Min/maxing isn’t bad, until it is. What enables a fully optimized build or flowchart is perfect knowledge of physical numbers. Real-world optimization is constant struggle against the vagaries of quantum mechanics, the incomplete nature of general physics, and the raw depth of pixelation in the system. In a game? high-level objects are often described in fullness by a concise notepad document and can be further compressed into raw mechanics and shorthand notation. Solving game optimization is easy- but only so long as you can see the numbers at work and have a certainty in their mechanism of function.
Hide the numbers, lampshade them with lore that approximates the game statistics, energy imparted at [x] distance under testing conditions, energy ranges, newtonian values (already done with propulsion systems).

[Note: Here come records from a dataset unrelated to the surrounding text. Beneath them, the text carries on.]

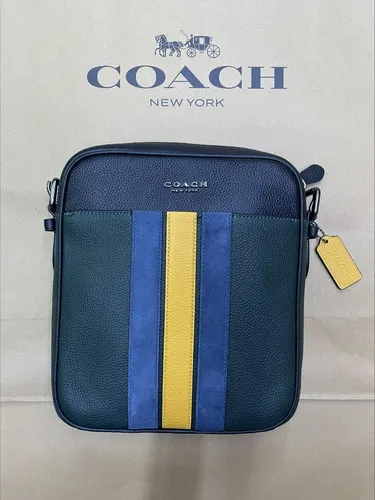 Maletin Coach Hombre MercadoLibre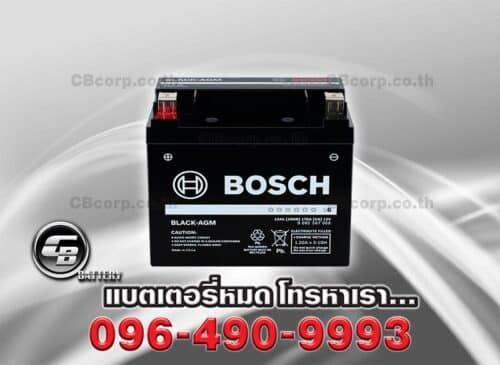 Bosch Battery AUX AGM BV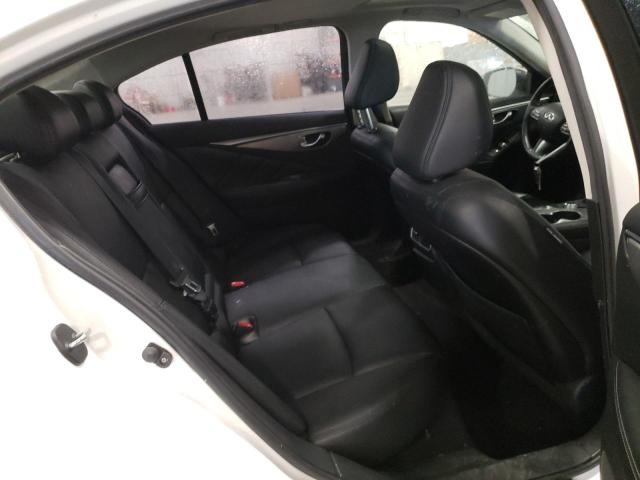 Aukcja sprzedaży 2015 Infiniti Q50 Base, vin: JN1BV7AR5FM423614, numer aukcji: 40842023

Similarly, take away the clean data and percentages in the healthbars and charge groups, give flat color-coded indicators:
- Orange (Overheating) - Flashing Indicator, Intermittent Buzzer
- Blue (95%+)
- Green (80%~95%) - Intermittent Warning Blips
- Yellow (60%~80%) - Repeating Warning
- Red (20%~60%) - Steady Alarm, Klaxon and Lights
- Black (0~20%) - Silence
Another thought to add to this dynamic is letting damage over a certain amount, determined however, from hull class ratings to a model-specific value, deal overheat damage to modules. Hitting this threshold on shields puts overheat ticks on low-slots; armor thresholds tick over low and mid slots; hull threshold puts overheat ticks on everything.